Working piston: stroke = 8 mm; diameter = 20 mm; length = 14 mm
Displacer: stroke = 15 mm; diameter = 60 mm; length = 70 mm
Construction manual and technical drawings for this machine on inquiry about email in:
We observe 1 revolution of the engine after Fig. 9
Fig.12 is identical with Fig.9, however, represented here on a cross section for a better presentation of the positions of displacer and working piston. Fig.12 shows the starting position at the crankshaft angle 0 °. In the following 3 pictures the machine has rotated further always 90 ° crank angle. Then the machine reaches the starting position again like in Fig.12.
Further type of the Stirling engine: the a-type Stirling engine
Fig.11 shows the so-called b-type Stirling engine, which is characterized by that its displacer and its working piston are accommodated in one space. The b-type Stirling Engine is a 1 cylinder machine. This engine is built for small to middle power. Besides there is the 2-cylinder 2-piston machine, that is the so-called a-type Stirling engine, which is built for middle to large power. Since this Homepage reports of the new development of a quadruple working a-type Stirling engine, also the function of this engine type is to be discussed. Fig.16 shows the most important details of the a-type engine.

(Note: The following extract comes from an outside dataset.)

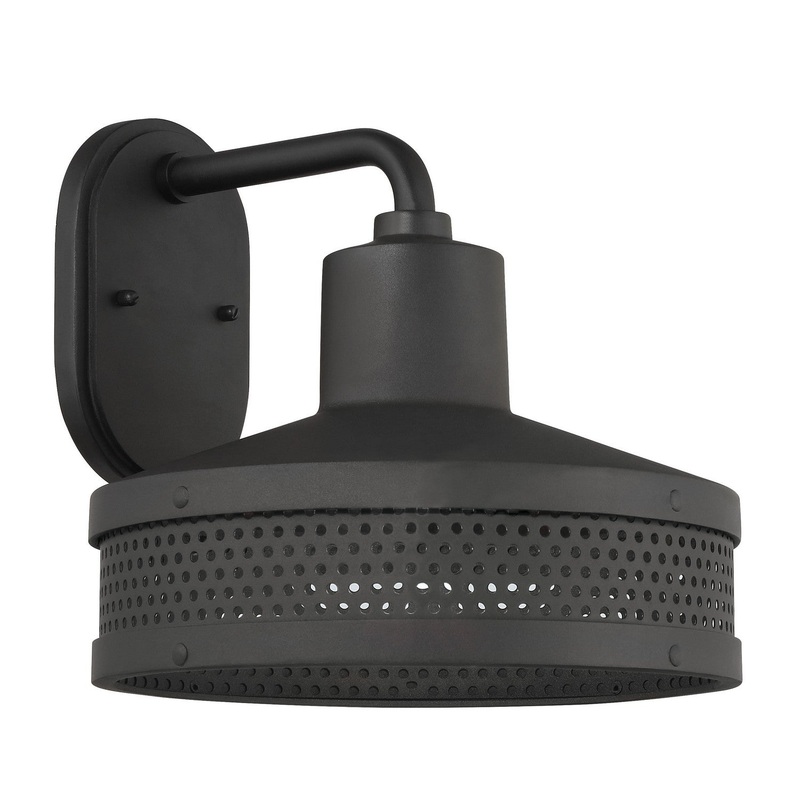 Minka-Lavery 73311-66 Abalone Point One Light Wall Sconce, Sand Coal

In Fig.16 we see two cylinders standing right-angled too each other, the expansion cylinder and
the compression cylinder. Their pistons and their piston rods are working on a common crankpin.
Because of this 90 ° arrangement of the two cylinders this a-type
Stirling engine is called the "V"- engine. The crankshaft is not well visible in
this picture. This engine also needs a flywheel. At the left cylinder head a heater is attached,
here represented by a flame and a bundle of tubes. The right cylinder head is cooled, before its
cylinder head a cooler is connected. The other connecting piece between the cooler and the heater is the
so-called regenerator, whose meaning we discuss further down.
With a lot of a-type Stirling engines the working cylinder is
not heated itself, but as it is shown, between the cylinder head and the Regenerator a separate
heater is set, like in Fig.16. This heater exists of many thin tubes connected to a bundle.
The air flows through the heater tubes into the expansion cylinder and is heated up thereby. The meaning of the heater is
described in the chapter The heat transfer to the working fluid. The cooler also exists of
many thin tubes and is surrounded by a water jacket for cooling the air in the tubes.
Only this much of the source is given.